**INSTRUCTIONS TO FOLLOW**. Retype exactly every line from the one that includes "Join the over" through the final line of the listing, both ends kept, and omit the pictures.

**STORED DATA**.
Content starts

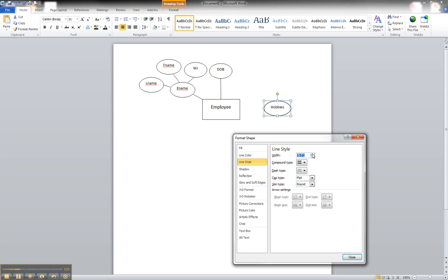We will gradually increase that until it gets to a level we feel comfortable with. I'm going to choose 2.75. Close that.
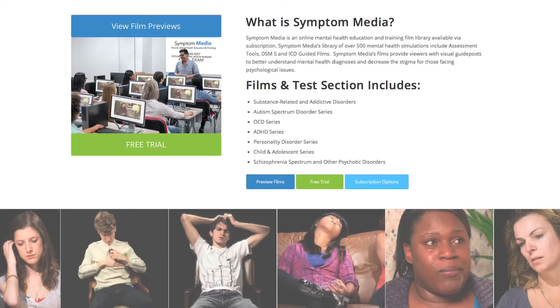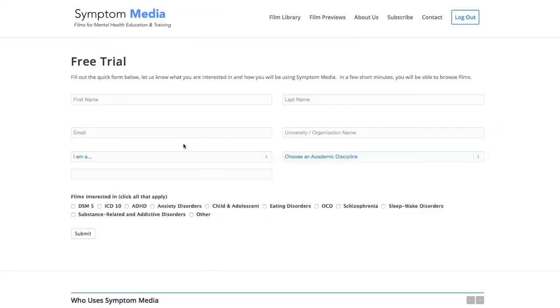Join the over 300 universities, colleges, medical schools and hospitals subscribing to Symptom Media. Be sure to visit SymptomMedia.com to sign up for a free trial today.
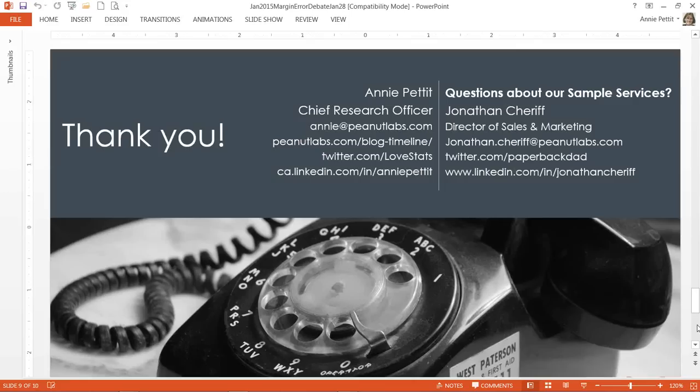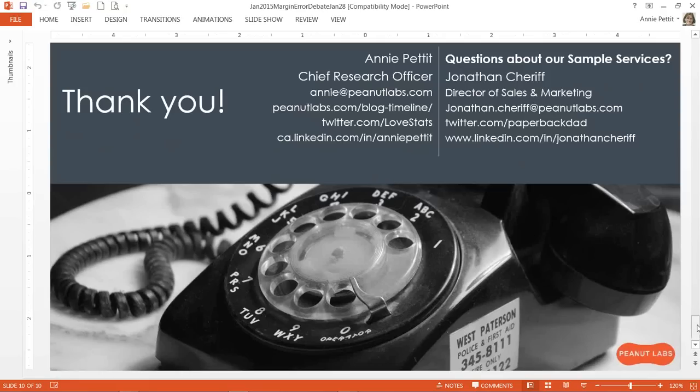Annie thanked Trent, John, Nancy, and Steve for sharing their opinions, and thanked everyone who listened in. She expressed hope that everyone leaves with some insight into the problem and things to think about for the future. The recording will be made available and a link sent by email. She closed: 'May all your samples be as representative as possible.'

Content ends

**EXPECTED ANSWER**.
Join the over 300 universities, colleges, medical schools and hospitals subscribing to Symptom Media. Be sure to visit SymptomMedia.com to sign up for a free trial today.
Annie thanked Trent, John, Nancy, and Steve for sharing their opinions, and thanked everyone who listened in. She expressed hope that everyone leaves with some insight into the problem and things to think about for the future. The recording will be made available and a link sent by email. She closed: 'May all your samples be as representative as possible.'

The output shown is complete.